I put Gabby (her nickname ) in her 10 gallon tonight. I managed to get a couple of good pics of her!


----------



## dramaqueen (Jul 7, 2008)

Ooohh, she is beautiful!!!


----------



## fishboy95 (Jun 16, 2009)

Aww she is so cute.


----------



## Shylynn (Jun 17, 2009)

very pretty girl


----------



## Philip The Fish (Apr 25, 2009)

aw shes so cute and small! she must feel like she owns the world in that tank!!


----------



## alphabetta (Jun 16, 2009)

gabby is a nice looking betta, too many people buy the many coloured bettas available, but you have gone for a natural and effective look. your tank, however seems a bit underdecorated, or is that just the camera angle? in my experience, bettas like densely planted tanks with (especialy) floasting plants.


----------



## AngelicScars (May 5, 2009)

That is just the top of the tank. That tank has 2 hiding caves and about 6 varies plant types/sizes.
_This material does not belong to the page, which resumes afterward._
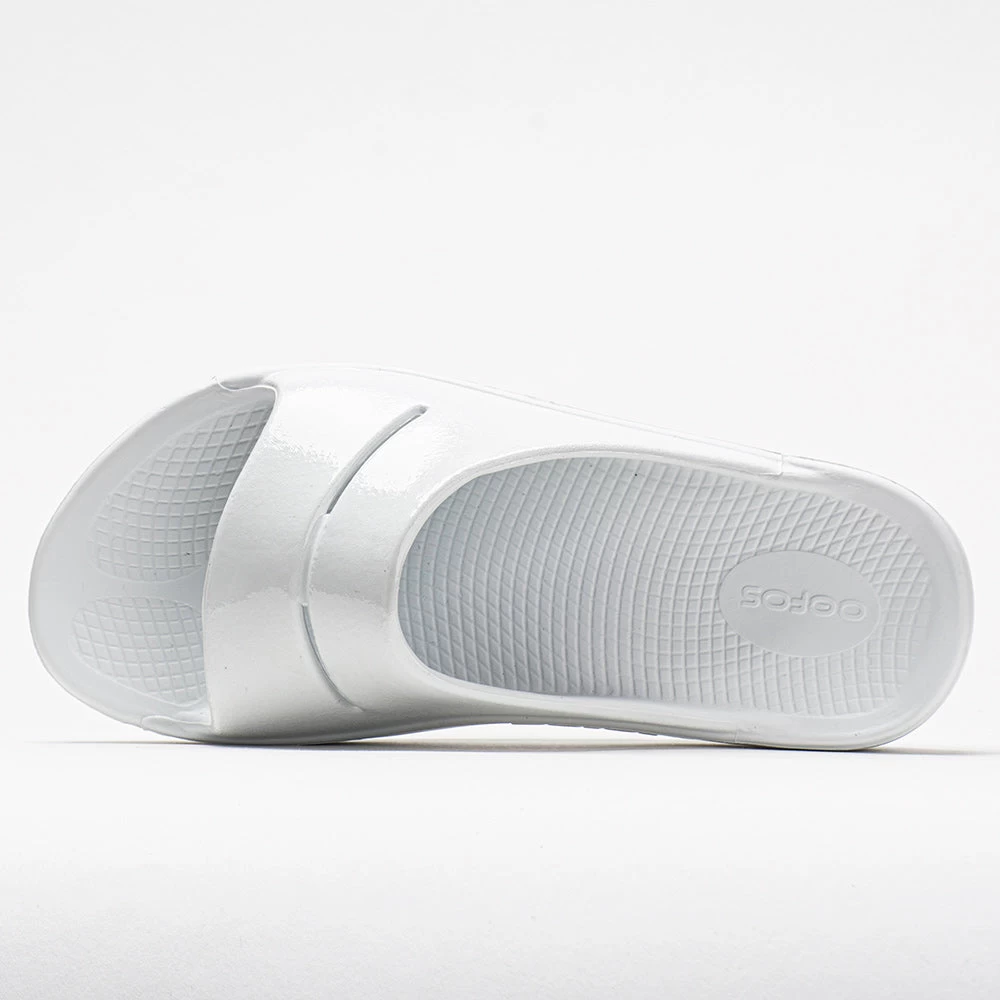 OOFOS OOahh Luxe Women's White 4 OOFOS OOahh Luxe Women's White - Image 2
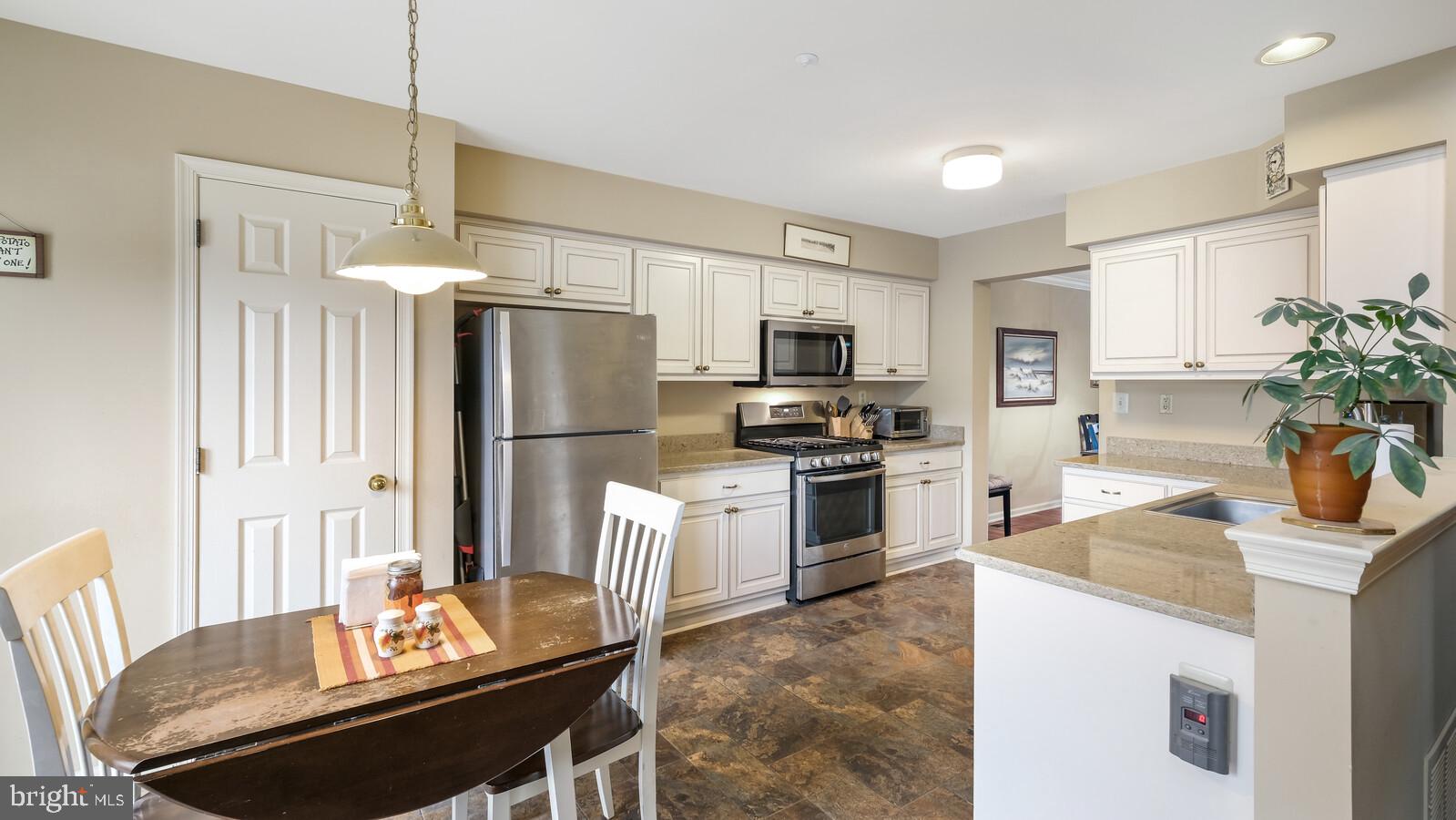 93 Kulp Road West Chalfont, PA 18914 - Photo 15 of 36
Gabriel actually loves to play in the current of the filter. Silly girl.


----------



## Luchi (May 20, 2009)

Aw, she's a cutie!


----------



## Vikki81207 (May 27, 2009)

She's so adorable!


----------



## ashleyALE (Jul 1, 2008)

the first picture is so cute. it made me think of the 'pokey little puppy'


----------



## LiyahsGrandma (May 29, 2009)

Gabby is so beautiful


----------



## LiyahsGrandma (May 29, 2009)

I love all bettas, no matter what the color : )


----------



## fishyinpa (Dec 25, 2008)

Pretty girl!! Love her coloring. Love all the betta colors!


----------



## Scienceluvr8 (May 17, 2009)

What a cutie!!! <3 Now I might want to get a female, where did you get her?


----------



## AngelicScars (May 5, 2009)

She came free with Castiel since there was an issue with shipping.


----------



## AlfaTheBeta (May 11, 2009)

she is a beautyful fish, and shes very cute


----------



## sunkissedinCA (May 7, 2009)

she's so pretty! ladybug likes to play in the current of her filter too haha.


----------



## AngelicScars (May 5, 2009)

I don't see why people go gaga over just the males. The females have such great coloring too. Plus, I swear my girls have way bigger personalities then the boys. They are so goofy and fun.


----------



## dramaqueen (Jul 7, 2008)

I think all bettas have great personalities. That's why we love them so much.


----------